I've got a postgres database collected logged data. This data I have to keep
for at least 3 years. The data in the first instance is being recorded in a
postgres cluster. This then needs to be moved a reports database server for
analysis. Therefore I'd like a job to dump data on the cluster say every
hour and record this is in the reports database. The clustered database
could be purged of say data more than a week old.

So basically I need a dump/restore that only appends new data to the reports
server database.

I've googled but can't find anything, can anyone help?

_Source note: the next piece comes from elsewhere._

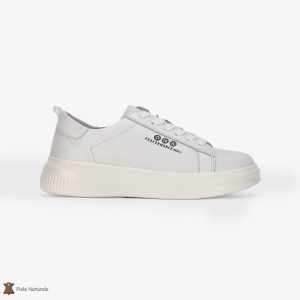 Pantofi Casual de dama din Piele naturala cu talpa groasa LF0494 Alb - Img 2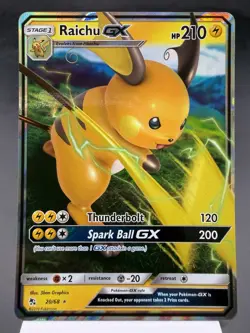 Raichu GX 20/68 - Ultra Rare Holo - Hidden Fates Pokemon Card MINT - Image 1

You might find an answer in partitioning your data. There's a section
in the docs on it. Then you can just dump the old data from the
newest couple of partitions if you're partitioning by week, and dump
anything older with a simple delete where date < now() - interval '1
week' or something like that.

#3Andrej Ricnik-Bay
andrej.groups@gmail.com
In reply to: Rob Kirkbride (#1)
Re: Data Warehousing

On 9/3/07, Rob Kirkbride <rob.kirkbride@gmail.com> wrote:

So basically I need a dump/restore that only appends new
data to the reports server database.

I guess that will all depend on whether or not your
data has a record of the time it got stuck in the cluster
or not ... if there's no concept of a time-stamp attached
to the records as they get entered I don't think it can be
done.

Thanks

Rob

Cheers,
Andrej

#4Rob Kirkbride
rob.kirkbride@gmail.com
In reply to: Scott Marlowe (#2)
Re: Data Warehousing

On 03/09/07, Scott Marlowe <scott.marlowe@gmail.com> wrote:

On 9/3/07, Rob Kirkbride <rob.kirkbride@gmail.com> wrote:

Hi,

I've got a postgres database collected logged data. This data I have to

keep

for at least 3 years. The data in the first instance is being recorded

in a

postgres cluster. This then needs to be moved a reports database server

for

analysis. Therefore I'd like a job to dump data on the cluster say every
hour and record this is in the reports database. The clustered database
could be purged of say data more than a week old.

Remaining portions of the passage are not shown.